Neonatal death remains the leading cause of mortality in children under five years of age, with infectious diseases accounting for a significant proportion of these deaths (1). Newborns are particularly vulnerable to infectious diseases due to their immature immune systems and potential vertical transmission of pathogens from the mother (2). In China, preterm and very low birth weight infants (VLBW) represent approximately 10% of live births (3). These infants face elevated risks of sepsis due to immunological immaturity and are prone to intracranial infections owing to a weakened blood-brain barrier. Such infections are associated with high mortality rates and poor long-term neurodevelopmental outcomes (4–6). Current diagnostic methods for neonatal infections primarily rely on nonspecific biomarkers, such as white blood cell count, CRP, and procalcitonin, which only indicate the possibility of infection (7–9). Furthermore, obtaining adequate clinical specimens from newborns for pathogen detection is challenging, particularly for blood volume-dependent tests like blood culture—the current gold standard for sepsis diagnosis. However, blood cultures are time-consuming and exhibit low sensitivity in neonatal sepsis (10), specially given their limited blood volume, which further reduces the detection rate compared to older children and adults (11).
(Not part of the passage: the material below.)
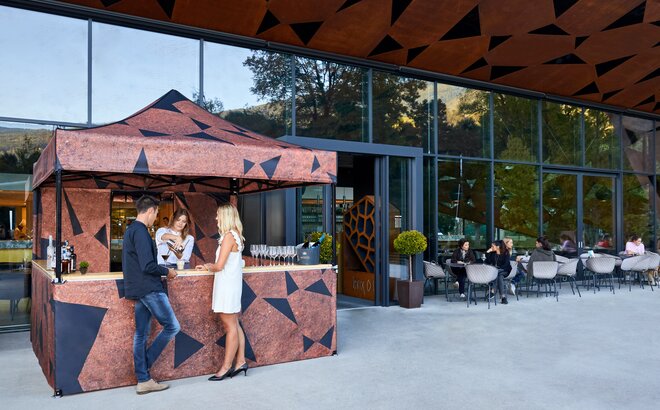 Gazebo pieghevole personalizzato 3x3m con stampa foto sublimatica per cocktail bar settore gastronomia e ristorazione con pareti laterali e bancone.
mNGS is a laboratory diagnostic technology based on high-throughput sequencing technology to sequence the whole biological genome in a variety of clinical samples. By simultaneously detecting millions of DNA/RNA fragments, mNGS offers rapid and efficient pathogen detection, leading to its increasing adoption in clinical settings (12–15). Its clinical utility is particularly evident in identifying pathogens undetectable by conventional methods, though cost remains a limiting factor. When mNGS testing is selected, three sequencing modalities must be chosen: DNA-only, RNA-only, or combined DNA/RNA. The diagnostic performance of mNGS, as reflected by positivity rates, depends critically on this sequencing modalities selection. While multiple studies have validated mNGS efficacy in neonates (16–18) and Chinese guidelines outline its use in infant infections (19), real-world data on sequencing modality selection patterns and their impact on pathogen detection rates in this population remain rare. To address this gap, we conducted a multicenter, cross-sectional study to assess mNGS sequencing modality selection practices and their correlation with positivity rates and pathogen profiles in neonates.

2 Methodology

This multicenter cross-sectional study analyzed real-world data from five hospitals in China: Nanfang Hospital of Southern Medical University, Dongguan Women and Children Hospital, Guangdong Maternal and Child Health Hospital, Jiangmen Women and Children Hospital, and Lianjiang People's Hospital. All participating institutions met the following criteria: 1) annual delivery volume ≥5,000 births, and 2) availability of Level IV neonatal intensive care units (NICUs). We retrospectively analyzed neonates undergoing mNGS testing between January 2020 and December 2022. Testing indications followed national clinical guidelines (19).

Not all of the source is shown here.